Read 56575 KB triples


In [2]:
class KB():

    def __init__(self, kb_triples):
        self._kb_triples = kb_triples
        self._all_relations = []
        self._all_entity_pairs = []
        self._kb_triples_by_relation = {}
        self._kb_triples_by_entities = {}
        self._collect_all_entity_pairs()
        self._index_kb_triples_by_relation()
        self._index_kb_triples_by_entities()

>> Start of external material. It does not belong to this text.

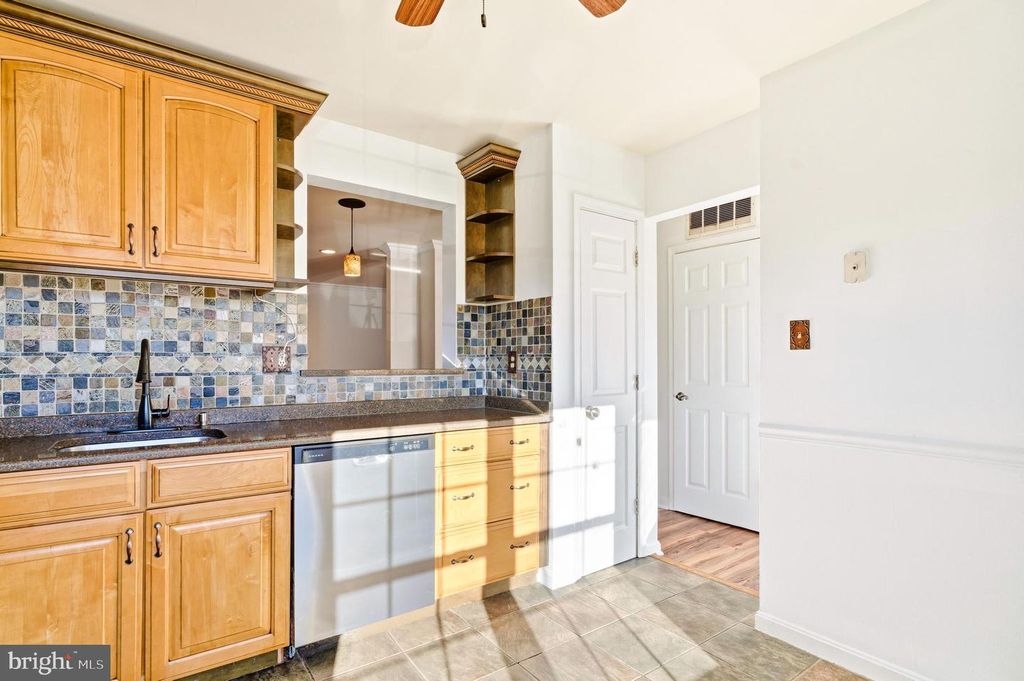 6 OFFSPRING CT, Perry Hall, MD 21128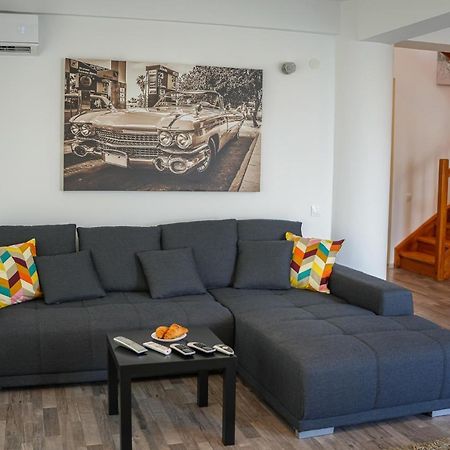 Penthouse With Huge Rooftop & Amazing City View Bucureşti Ngoại thất bức ảnh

    def _collect_all_entity_pairs(self):
        pairs = set()
        for kbt in self._kb_triples:
            pairs.add((kbt.sbj, kbt.obj))
        self._all_entity_pairs = sorted(list(pairs))
        
    def _index_kb_triples_by_relation(self):
        for kbt in self._kb_triples:
            if kbt.rel not in self._kb_triples_by_relation:
                self._kb_triples_by_relation[kbt.rel] = []
            self._kb_triples_by_relation[kbt.rel].append(kbt)
        self._all_relations = sorted(list(self._kb_triples_by_relation))
    
    def _index_kb_triples_by_entities(self):
        for kbt in self._kb_triples:
            if kbt.sbj not in self._kb_triples_by_entities:
                self._kb_triples_by_entities[kbt.sbj] = {}
            if kbt.obj not in self._kb_triples_by_entities[kbt.sbj]:
                self._kb_triples_by_entities[kbt.sbj][kbt.obj] = []
            self._kb_triples_by_entities[kbt.sbj][kbt.obj].append(kbt)

    def get_triples(self):
        return iter(self._kb_triples)
        
    def get_all_relations(self):
        return self._all_relations
            
    def get_all_entity_pairs(self):
        return self._all_entity_pairs
            
    def get_triples_for_relation(self, rel):
        try:
            return self._kb_triples_by_relation[rel]
        except KeyError:
            return []

    def get_triples_for_entities(self, e1, e2):
        try:
            return self._kb_triples_by_entities[e1][e2]
        except KeyError:
            return []

    def __repr__(self):
        return 'KB with {} triples'.format(len(self._kb_triples))

In [3]:
kb = KB(kb_triples)
kb

KB with 56575 triples

In [4]:
all_relations = kb.get_all_relations()
print(len(all_relations))

16


In [5]:
for rel in all_relations:
    print('{:12d} {}'.format(len(kb.get_triples_for_relation(rel)), rel))

        2140 adjoins
        3316 author
         637 capital
       22489 contains
        4958 film_performance
        2404 founders
        1012 genre
        3280 has_sibling
        3774 has_spouse
        3153 is_a
        1981 nationality
        2013 parents
        1388 place_of_birth
        1031 place_of_death
        1526 profession
        1473 worked_at


In [6]:
for rel in all_relations:
    print(tuple(kb.get_triples_for_relation(rel)[0]))

('adjoins', 'Siegburg', 'Bonn')
('author', 'Uncle_Silas', 'Sheridan_Le_Fanu')
('capital', 'Tunisia', 'Tunis')
('contains', 'Brickfields', 'Kuala_Lumpur_Sentral_railway_station')
('film_performance', 'Colin_Hanks', 'The_Great_Buck_Howard')
('founders', 'Bomis', 'Jimmy_Wales')
('genre', 'SPARQL', 'Semantic_Web')
('has_sibling', 'Ari_Emanuel', 'Rahm_Emanuel')
('has_spouse', 'Percy_Bysshe_Shelley', 'Mary_Shelley')
('is_a', 'Bhanu_Athaiya', 'Costume_designer')
('nationality', 'Ruben_Rausing', 'Sweden')
('parents', 'Prince_Arthur_of_Connaught', 'Prince_Arthur,_Duke_of_Connaught_and_Strathearn')
('place_of_birth', 'William_Penny_Brookes', 'Much_Wenlock')
('place_of_death', 'Jean_Drapeau', 'Montreal')
('profession', 'Rufus_Wainwright', 'Actor')
('worked_at', 'Ray_Jackendoff', 'Tufts_University')